The shipibos are a group of the pano family that lives in the small villages next to the rivers and lakes that surround Pucallpa. Some, like San Francisco and Nuevo Destino, can be visited and there one can see the beautiful art, fabrics and ceramics that are created. The intricate geometric designs draw your attention. These designs use as inspiration the anaconda, the mother of the water, the power that sustains the world and the hexagonal shapes that you see when you take ayahuasca.
Pucallpa is the capital of the Ucayali region and is the second largest river port in Peru. The area is accessible by land, through a 15-hour trip from Lima, by plane, or by boat, sailing from the Amazon and the Ucayali River.
The city’s name means "red earth," which references the color of the soil of this jungle city, on the border with Brazil.
Pucallpa is intense, messy and commercial. Its town square, around which trade and businesses revolve, is modern, just like its church, which is almost semicircular, and is adorned with several sculptures of scenes reminiscent of the rubber era, and has a huge water fountain.

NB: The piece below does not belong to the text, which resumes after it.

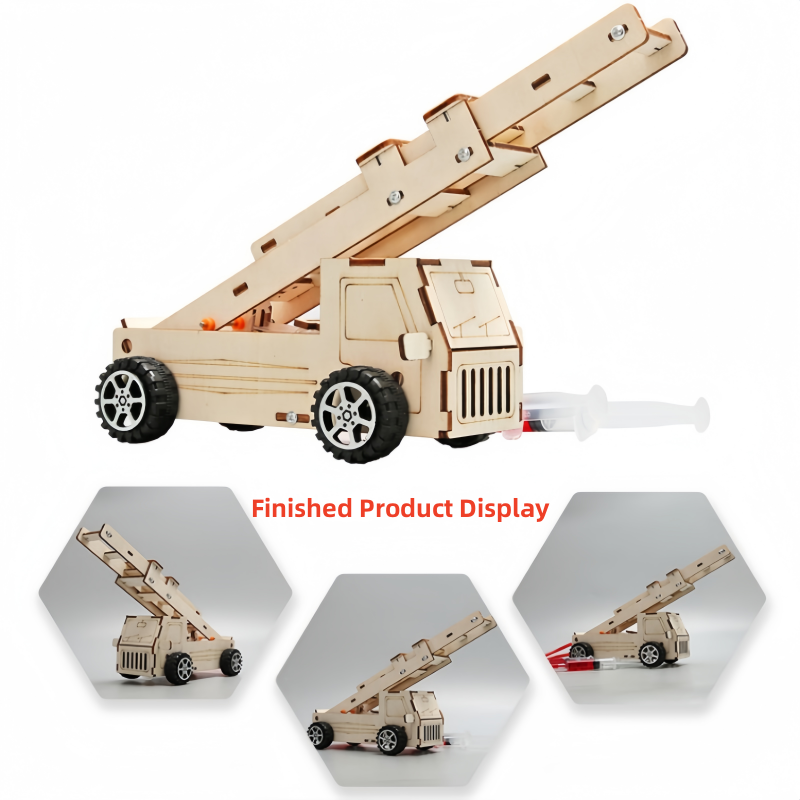Science Diy Model - DIY-Modellbausatz für Holzleiter, Feuerwehrauto für Kinder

Traveling along the streets of Pucallpa on a motorcycle is like adventure tourism. At full speed, balancing on the bike, you arrive to the main areas in a few minutes: the zoo, the Chullachaqui botanical garden, and most important of all, Yarinacocha.
At this lake, full of peque peque boats traveling along the water to see birds and dolphins, iyou’ll find many of the area’s iconic restaurants, where paiche, bush meat and tropical juices are in abundance.
In Yarinacocha the Shipibo offer fabrics, ceramics, seed necklaces and animal fangs. All of them dressed in their skirts and tunics where geometric patterns overflow – the designs inspired by visions of ayahuasca, that come to the mouth of the shaman.
Thanks to ayahuasca’s powers, this shaman is able to create melodies with these luminous designs, ordering information and projecting it as creative power through new musical, geometric, and odorous patterns.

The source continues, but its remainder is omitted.